Yes they would. What you might be missing is the relativity of simultaneity, which is what implies that each object would consider time to be moving more slowly for the other.

 

[mathman]

https://en.wikipedia.org/wiki/Special_relativity

The above may help. Your observation is correct.

 

[BvU]

Hello zm, welcome to PF !

It is rather funny you are asking the one question that cannot be asked ! Not to worry, it happens a lot (to me too at some time) because we have our own built-in frame of reference. The key thing about relativity is exactly that all uniform motion is relative. No one can say "my frame of reference stands still" and back it up with a decisive experiment.

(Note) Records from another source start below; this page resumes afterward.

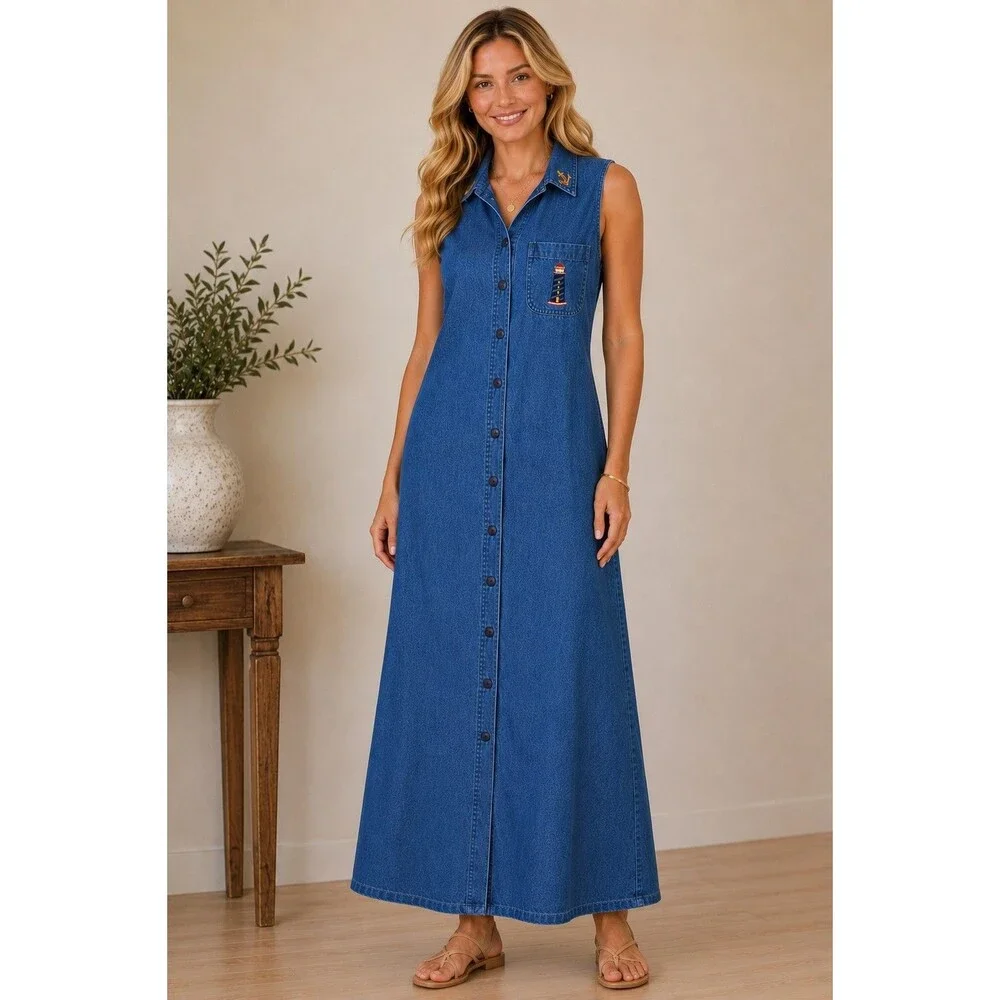 christopher and banks denim dress & | Dresses | Vintage Christopher Banks Maxi M Lighthouse Anchor Button Front Midi dress Color:YELLOW MULTI Trending Styles Teachers dress as “The 2% Spandex Care Instructions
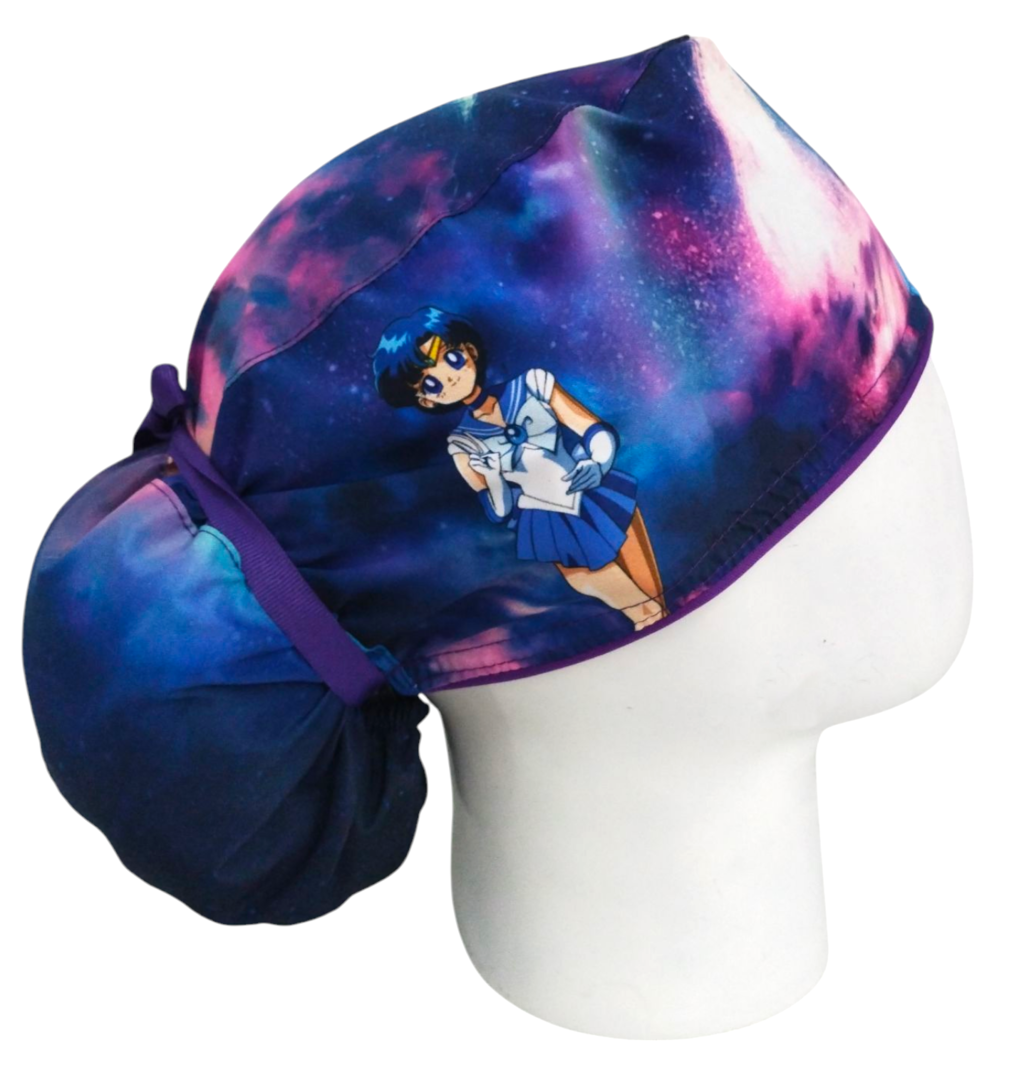 Gorro Quirúrgico Mujer y Portacarnet Mercurio Sailor Moon - gorro antifluido para mujer Doctools - foto 2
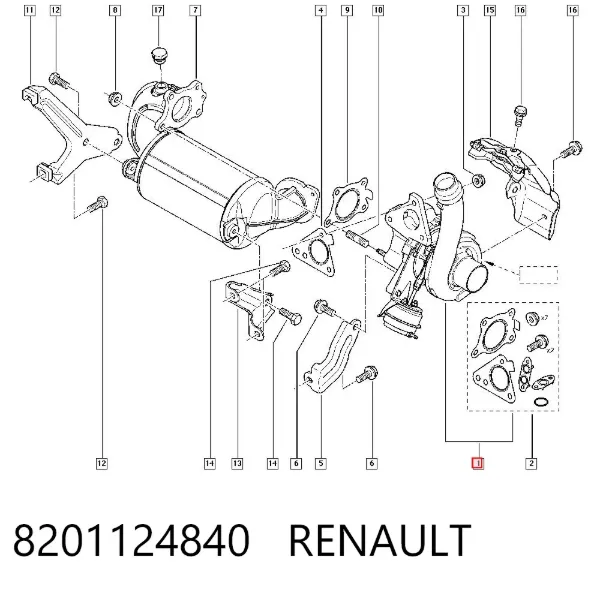 Turbocompresor 8201124840 Renault (RVI)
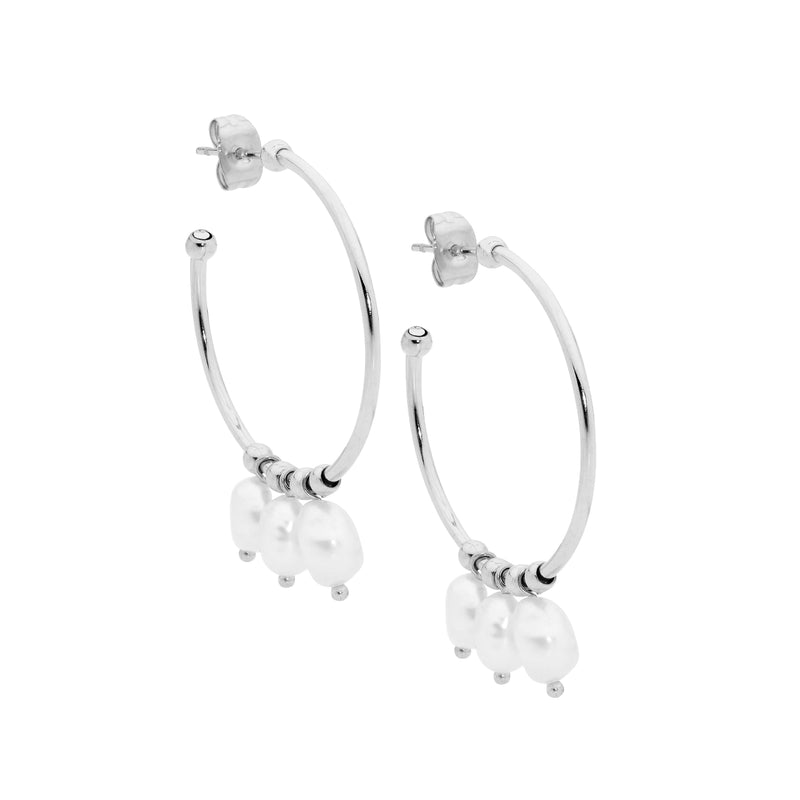 Ellani Stainless Steel Hoop Earrings with Baroque Pearls SE226S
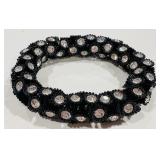 H-  BLACK SRETCH BRACELET WITH RHINESTONE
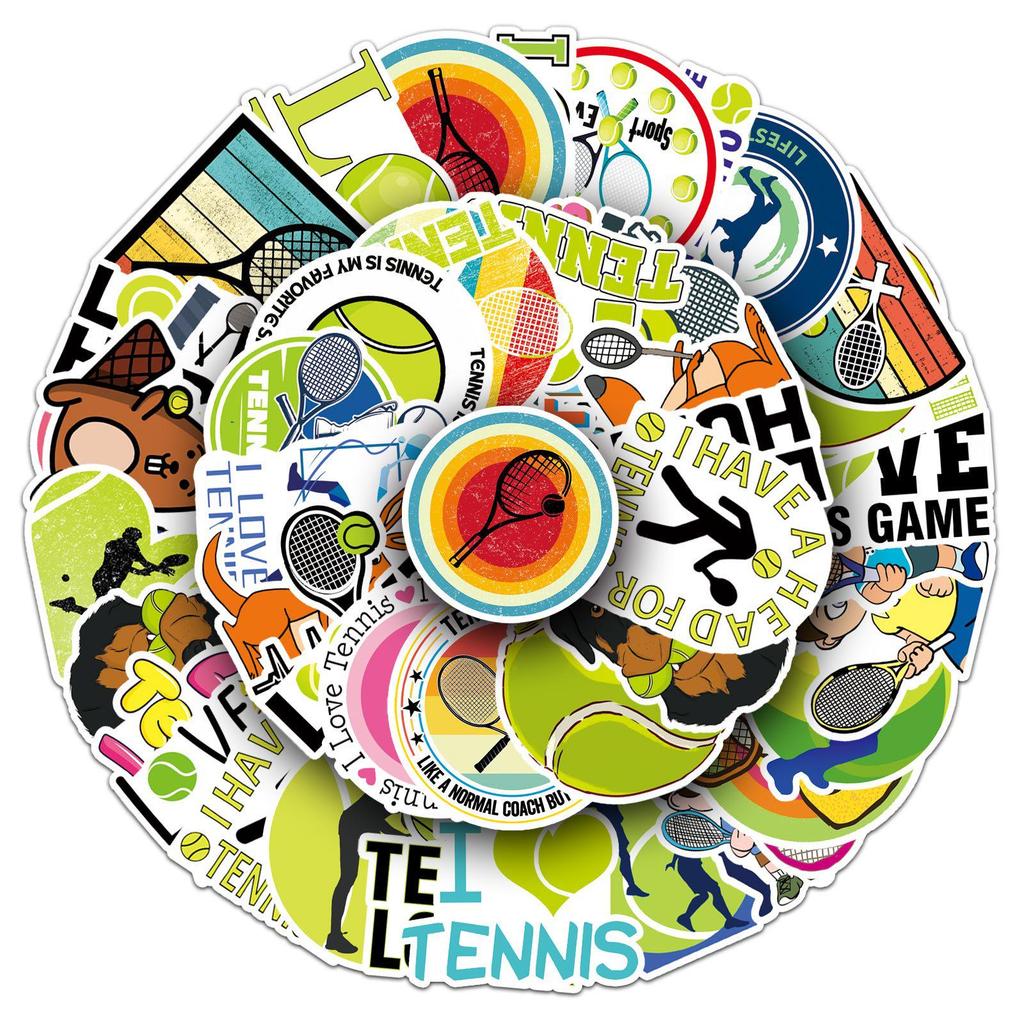 50pcs Waterproof Tennis Sports Stickers for Suitcase, Notebook, and Phone Decoration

For objects A and B with their inertial reference frames a and b "slower or faster relative to the other" cannot be said. "slower or faster" cannot be said either. The only thing that holds up is something like "slower or faster relative to a third inertial reference frame c".

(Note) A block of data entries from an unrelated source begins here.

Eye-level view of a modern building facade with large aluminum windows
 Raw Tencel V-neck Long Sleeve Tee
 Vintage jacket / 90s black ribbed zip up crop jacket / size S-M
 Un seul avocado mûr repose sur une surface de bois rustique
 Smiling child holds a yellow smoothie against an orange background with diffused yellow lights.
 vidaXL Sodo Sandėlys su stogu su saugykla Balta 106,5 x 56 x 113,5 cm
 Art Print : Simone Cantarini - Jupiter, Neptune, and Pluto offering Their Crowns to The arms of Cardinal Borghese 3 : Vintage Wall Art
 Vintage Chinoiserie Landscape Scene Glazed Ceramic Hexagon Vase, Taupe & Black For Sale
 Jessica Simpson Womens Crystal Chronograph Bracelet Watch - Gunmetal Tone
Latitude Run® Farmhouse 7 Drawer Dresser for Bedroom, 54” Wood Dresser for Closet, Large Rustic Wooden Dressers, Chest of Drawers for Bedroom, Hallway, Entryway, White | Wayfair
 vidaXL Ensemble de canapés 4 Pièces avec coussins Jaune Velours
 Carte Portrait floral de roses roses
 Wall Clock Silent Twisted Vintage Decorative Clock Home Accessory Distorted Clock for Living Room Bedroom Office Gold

You'll be fine. Keep asking questions like this.

 

[vanhees71]

The relative velocity of particle 2 to particle 1 is defined as the velocity of particle 2 in the restframe of particle 1.

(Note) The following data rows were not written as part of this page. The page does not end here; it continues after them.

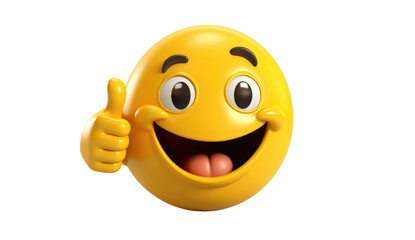 Fototapeta premium emoji smiling and giving a thumbs up isolated on transparent white background, clipping path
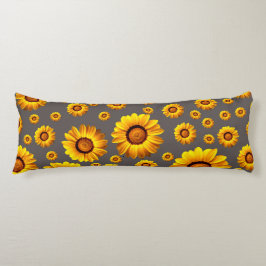 Snygg gula blommor på grått-bakgrund kroppskudde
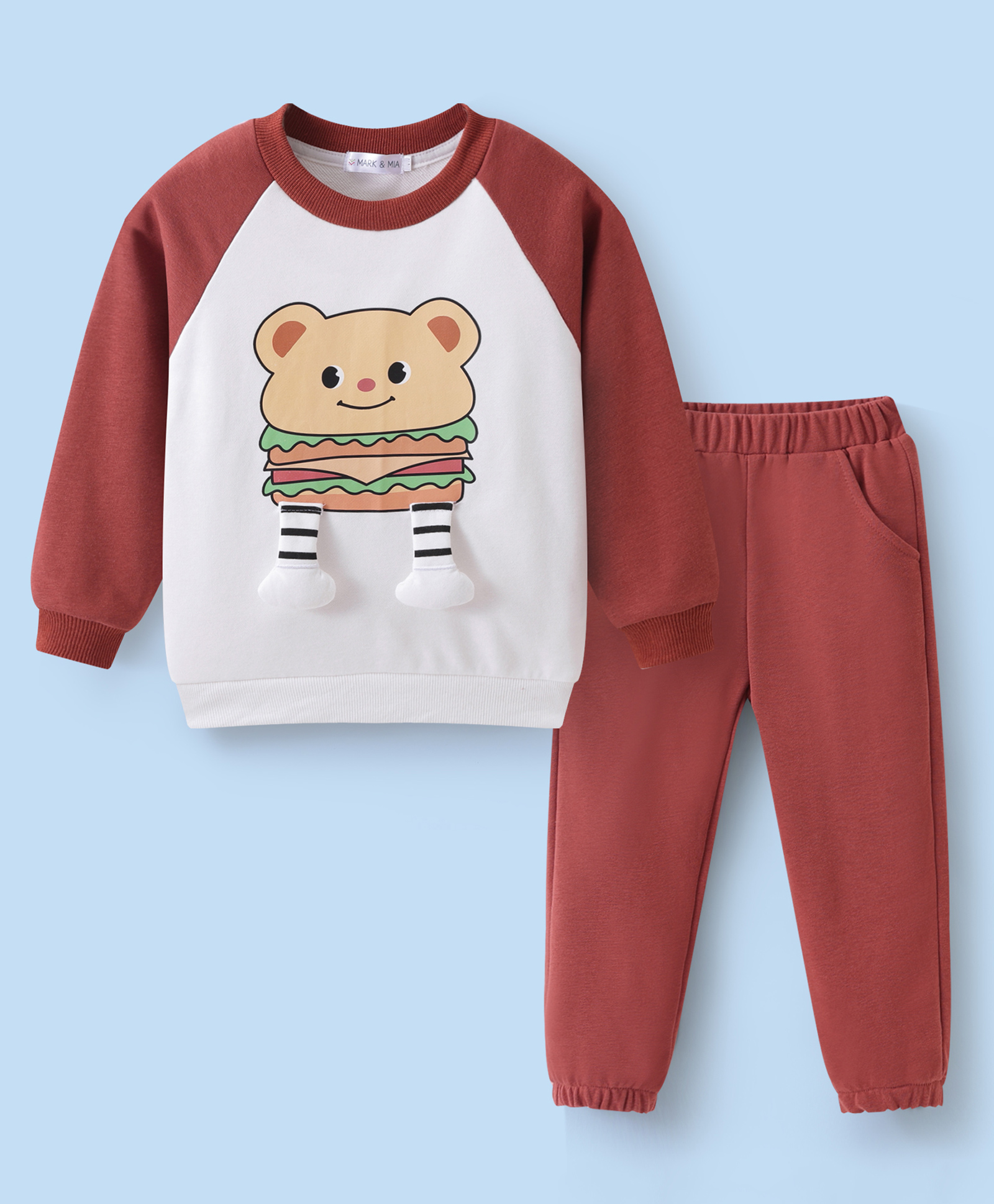 Mark & Mia Cotton Full Raglan Sleeves Winter Wear T-Shirt & Joggers Set with Animal Graphics Print & Applique Detailing - Rust Orange & White-image-17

The most easy way to obtain the relative velocity is to work with the four-velocities, which are four-vectors in Minkowski space,
$$u_1^{\mu}=\begin{pmatrix} \gamma_1 \\ \gamma_1 \vec{v}_1/c \end{pmatrix},\quad u_2^{\mu}=\begin{pmatrix} \gamma_2 \\ \gamma_2 \vec{v}_2/c \end{pmatrix}.$$
The Lorentz boost to the restframe of particle 1 is given by
$${\Lambda^{\mu}}_{\nu} = \begin{pmatrix} \gamma_1 & -\gamma_1 \vec{v}_1^T/c \\ -\gamma_1 \vec{v}_1/c & \mathbb{1}_3 +\frac{\gamma_1-1}{\vec{v}_1^2} \vec{v}_1 \otimes \vec{v}_1 \end{pmatrix}.$$
The four-velocity of particle 2 in the restframe of particle 1 is thus after some algebra given by
$$\tilde{u}_2^{\mu} = \frac{\Lambda^{\mu}}{\nu} u_2^{\mu} = \begin{pmatrix} \gamma_1 \gamma_2 (1-\vec{v}_1 \cdot \vec{v}_2/c^2) \\ (\vec{v}_2-\vec{v}_1)/c + (\gamma_1-1) [(\vec{v}_1 \cdot \vec{v}_2)/\vec{v}_1^2-1] \vec{v_1}/c \end{pmatrix}.$$
Finally the relative three-velocity is given by
$$\vec{v}_2^{(\text{rel})}=\frac{\tilde{\vec{u}}_1}{u_2^0} c=\frac{\vec{v}_2-\vec{v}_1}{\gamma_1(1-\vec{v}_1 \cdot \vec{v}_2/c^2)} - \frac{\gamma_1-1}{\gamma_1} \vec{v}_1.$$
The relative speed is easier to calculate directly from the temporal argument of $\tilde{u}_2^{0}=\gamma_2^{(\text{rel})}$
$$\left |\vec{v}_2^{(\text{rel})} \right|=c \sqrt{1-\frac{(c^2-\vec{v}_1^2)(c^2-\vec{v}_2^2)}{c^2-\vec{v}_1 \cdot \vec{v}_2}}.$$
As you see by exchanging the particle labels 1 and 2, the relative speed of particle 1 wrt. particle 2 is the same as the relative speed of particle 2 in the restframe of particle 1. Note, however that generally $$\vec{v}_1^{(\text{rel})} \neq -\vec{v}_2^{(\text{rel})}$$.